The book takes place in 1993. I read it in 1999. December, to be exact. I was fourteen and in 8th grade.
I had read the first two(!) books that summer, because nobody would shut up about it.I finally gave in, and realized I was dealing with something special. Still, the books were cute to me; they were still written for a younger audience, and it was obvious to me.
Then there was PoA, where Harry's aunt calls his dead mother a bitch and he has memories of his parents being murdered. Not the darkest thing a book has ever done, but still, it's more real than an evil snake (that apparently can go a thousand years without food) petrifying people. No, Dementors don't really exist, but triggers do, and Dementors make you remember things you don't want to think about, maybe didn't even know you remembered. That's very, VERY real. Knowing this, I really looked at the HP books a different way.
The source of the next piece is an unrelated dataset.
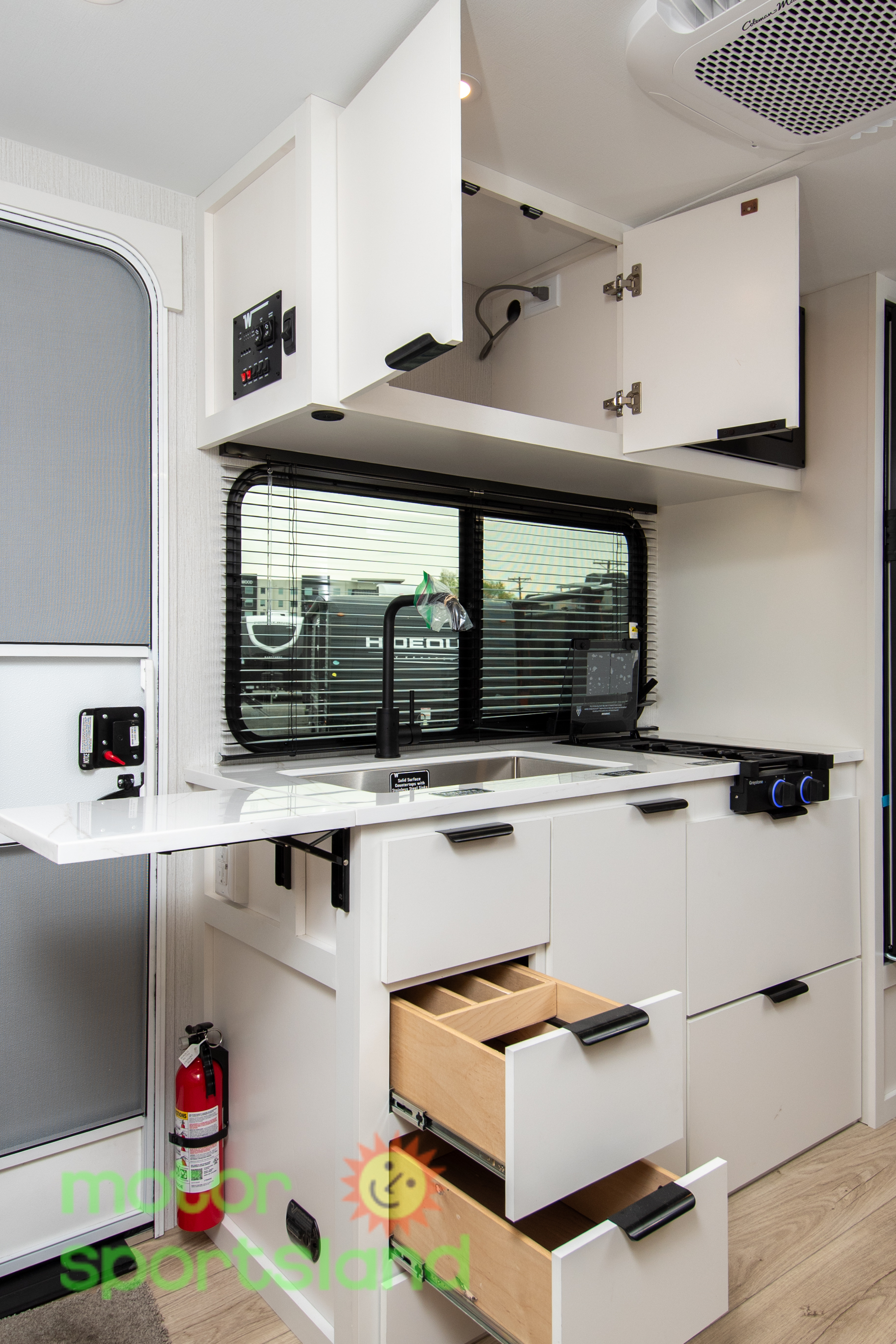 2026 Winnebago Micro Minnie 2108TB - Image 33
Then fandom came along, and I loved PoA more because it had "MWPP" (Moony Wormtail Padfoot and Prongs), more specifically Remus and Sirius. I had a huge fangirl crush on Remus, and while I always thought Sirius was a bit screwed up and wasn't remotely surprised by OoTP, I liked his character too. I loved the story of MWPP altogether, of course - it was just so tragic, this group of best friends torn apart by war. One of them a misunderstood werewolf, the other a misunderstood criminals. I was also going through my slightly emo phase, so that helped. I thought most Sarah McLachlan songs fit the Marauders' hardship.
But as time has passed, and the books have come and gone, I've realized I may have loved what PoA became to me, became to fandom, more than the actual book. Meanwhile, we learned in later books that fandom's initial perception of the Marauders wasn't necessarily correct. Nor did we necessarily get the point. Or did we?
That's partly why I want to re-read PoA. I want to read it now that I've taken a bit of a step back from the MWPP aspect of fandom - I still dabble, and I still love the books, but although I've re-read PoA before, it was always with fandom lenses. In other words, skipping most of the trio parts (except anything with the slightest hint of Ron/Hermione) and going straight for the MWPP goodness. What I really want to do now is look at how the book set up the rest of the series, as well as the story itself. From an unbiased, less fangirly POV.
However, I will warn you - I used a Time Turner and went back to 2002. A fangirl might have come back with me. You have been warned.
( PoA: Chapters 1-2 )Next time -
FFP: Who let the dogs out?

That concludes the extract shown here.